Understanding ML executions

As data scientists, the ability to comprehensively understand and monitor machine learning executions is paramount for delivering successful and impactful models.

This page is a resource that equips data scientists with the necessary knowledge and tools to track, monitor, and analyze the executions of their machine learning models on the Craft AI platform.

This page delves into essential topics, including obtaining execution details, tracking input and output, accessing metrics and logs, and comparing multiple executions. By mastering these techniques, data scientists can make informed decisions, optimize their models, and unlock the true potential of the MLOps platform.

Info

On this page, we will focus more on the pages available in the web interface. We'll mention the SDK functions available without going into detail about them.

Topics

How to find an execution and obtain the details ?
How to compare multiple execution ?
How to follow a pipeline in production ?

Prerequisites

Before using the Craft AI platform, make sure you have completed the following prerequisites:

Get access to an environment
Connect the SDK
Create a step & pipeline
Execute this pipeline

Warning

The tensorflow library does not work with Python 3.12 and later versions yet. We strongly recommend you to use an older version of Python (such as 3.11) to complete these examples.

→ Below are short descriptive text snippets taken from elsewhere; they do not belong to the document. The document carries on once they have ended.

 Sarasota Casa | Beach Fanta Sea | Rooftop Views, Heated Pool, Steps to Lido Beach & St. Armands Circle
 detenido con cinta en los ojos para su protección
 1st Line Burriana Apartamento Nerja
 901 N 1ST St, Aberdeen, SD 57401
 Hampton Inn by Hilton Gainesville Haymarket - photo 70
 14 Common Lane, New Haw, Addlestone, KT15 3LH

On this page, we're going to focus on execution analysis using the platform's web interface. For the example, I'm going to use a basic deep learning use case to visualize the associated information. You can use your own use cases, of course.

Step code used in parts 1 and 2 (model training):

import tensorflow as tf
from tensorflow.keras import layers, models
from tensorflow.keras.datasets import fashion_mnist
from craft_ai_sdk import CraftAiSdk

def trainer(learning_rate=0.001, nb_epoch=5, batch_size=64) : 

    sdk = CraftAiSdk()

    # Load and preprocess the MNIST dataset
    (train_images, train_labels), (test_images, test_labels) = fashion_mnist.load_data()
    train_images = train_images.reshape((60000, 28, 28, 1)).astype('float32') / 255
    test_images = test_images.reshape((10000, 28, 28, 1)).astype('float32') / 255
    train_labels = tf.keras.utils.to_categorical(train_labels)
    test_labels = tf.keras.utils.to_categorical(test_labels)

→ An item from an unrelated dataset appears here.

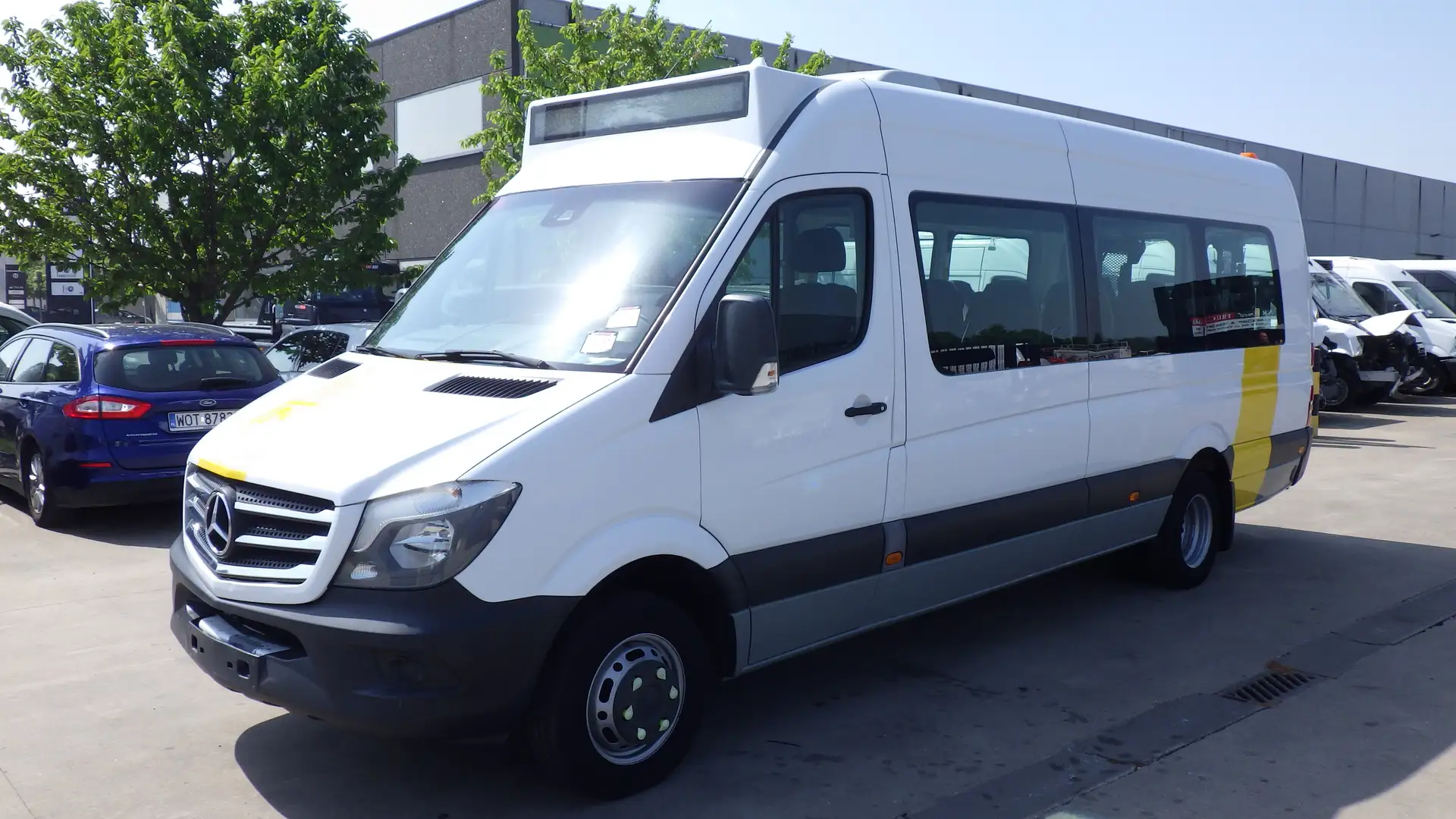 Mercedes-Benz Sprinter 513 Belbus (Stock ID 882) Blanc - 1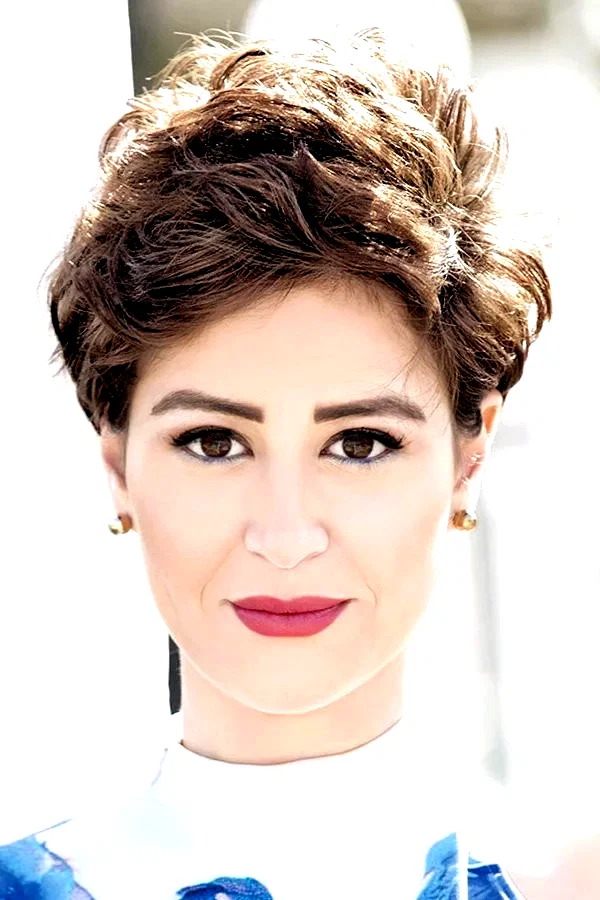  Menna Shalabi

    # Build the neural network model
    model = models.Sequential()
    model.add(layers.Conv2D(32, (3, 3), activation='relu', input_shape=(28, 28, 1)))
    model.add(layers.MaxPooling2D((2, 2)))
    model.add(layers.Conv2D(64, (3, 3), activation='relu'))
    model.add(layers.MaxPooling2D((2, 2)))
    model.add(layers.Conv2D(64, (3, 3), activation='relu'))
    model.add(layers.Flatten())
    model.add(layers.Dense(64, activation='relu'))
    model.add(layers.Dense(10, activation='softmax'))

    # Compile the model
    model.compile(optimizer=tf.keras.optimizers.Adam(learning_rate=learning_rate),
                loss='categorical_crossentropy',
                metrics=['accuracy'])

    # Train the model
    for epoch in range(nb_epoch):  # Set the number of epochs
        model.fit(train_images, train_labels, epochs=1, batch_size=batch_size, validation_split=0.2)

        # Evaluate the model on the test set and log test metrics
        test_loss, test_acc = model.evaluate(test_images, test_labels)
        print({'epoch': epoch + 1, 'test_loss': test_loss, 'test_accuracy': test_acc})
        sdk.record_list_metric_values("test-loss",  test_loss)
        sdk.record_list_metric_values("test-accuracy", test_acc)

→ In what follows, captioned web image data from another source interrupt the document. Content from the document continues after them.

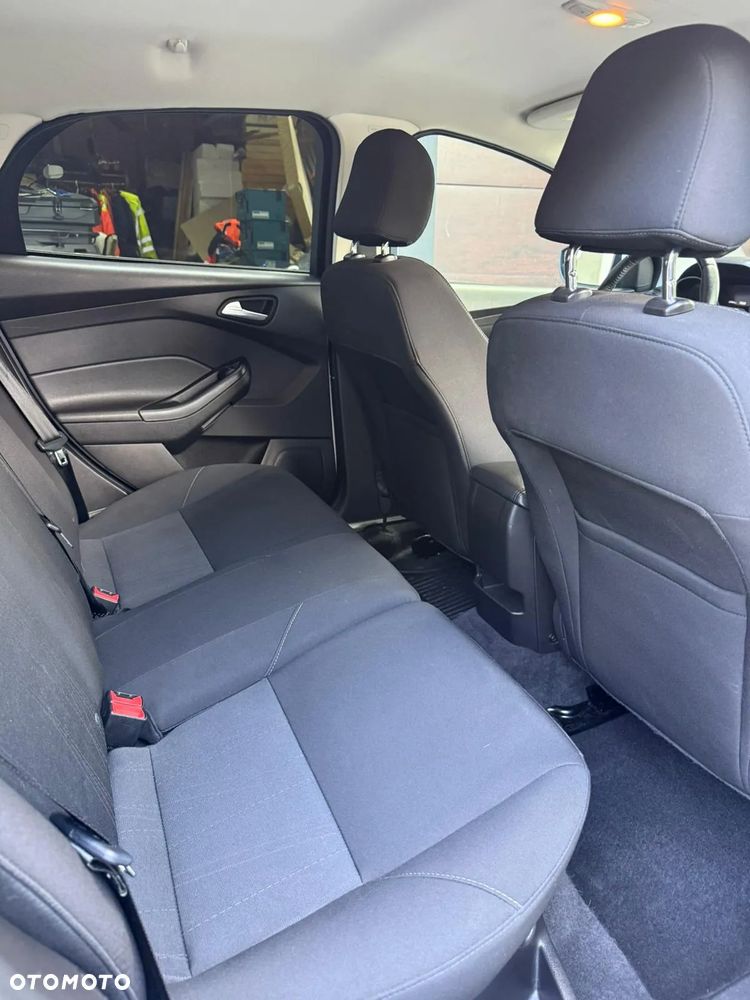 Ford Focus - 19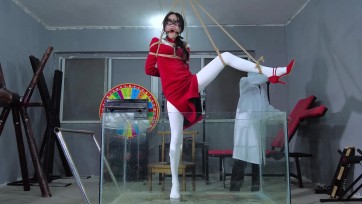 【樱束原创】《中国娃娃》旗袍女英雄被Q博士最新研制的毒气迷晕踮脚单脚吊在鱼缸之中羞辱折磨玩弄TK她的白丝脚心！狠狠的鞭打她脚站都站不稳只能耻辱的忍受着！口水拉丝流出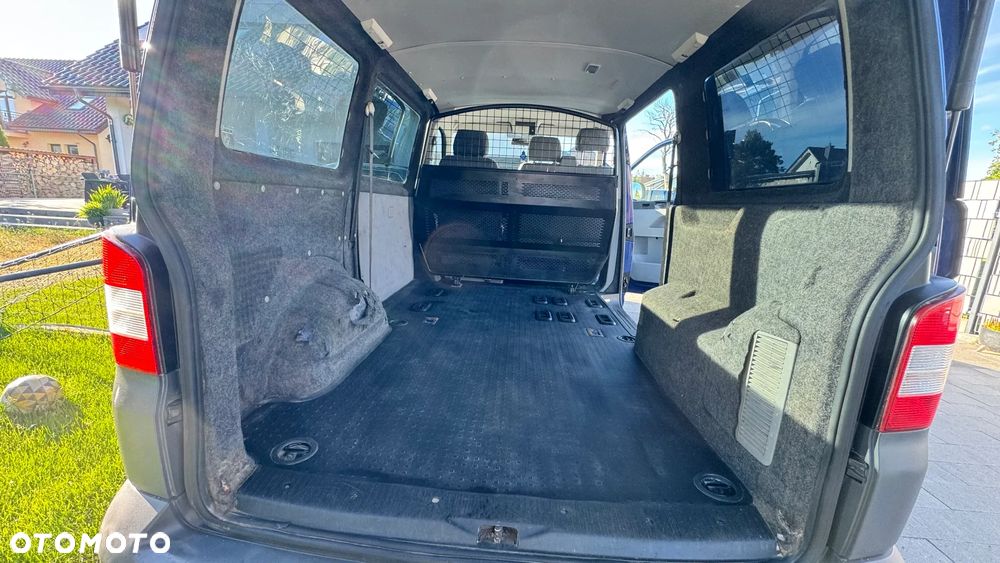 Volkswagen Transporter T5 TDI L1H1 - 13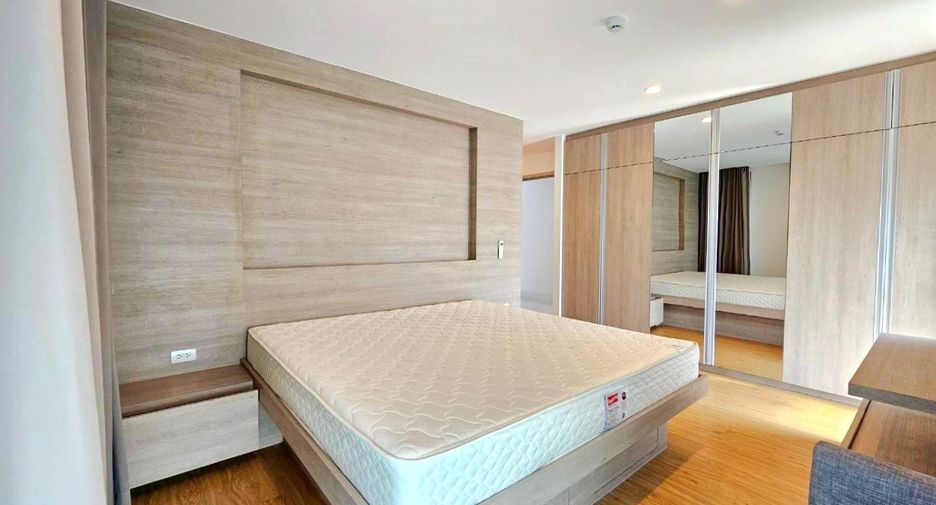 ให้เช่า 3 ห้องนอน คอนโด ใน วัฒนา, กรุงเทพฯ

    # Evaluate the model on the test set
    test_loss, test_acc = model.evaluate(test_images, test_labels)
    print(f'Test accuracy: {test_acc}')
    sdk.record_metric_value("accuracy", test_acc)
    sdk.record_metric_value("loss", test_loss)

    # Save the model
    model.save('mnist-model.keras')
    sdk.upload_data_store_object('mnist-model.keras', 'product-doc/mnist-model.keras')

Step code used in part 3 (inference with the model):

import tensorflow as tf
from tensorflow.keras.models import load_model
from PIL import Image
import numpy as np
from craft_ai_sdk import CraftAiSdk
import tensorflow as tf
from tensorflow.keras.datasets import fashion_mnist

def inference(image_num, model_path):

    sdk = CraftAiSdk()
    ima_path = './image_from_fashion_mnist.jpg'

    # Load the Fashion MNIST dataset
    (train_images, train_labels), (vali_images, vali_labels) = fashion_mnist.load_data()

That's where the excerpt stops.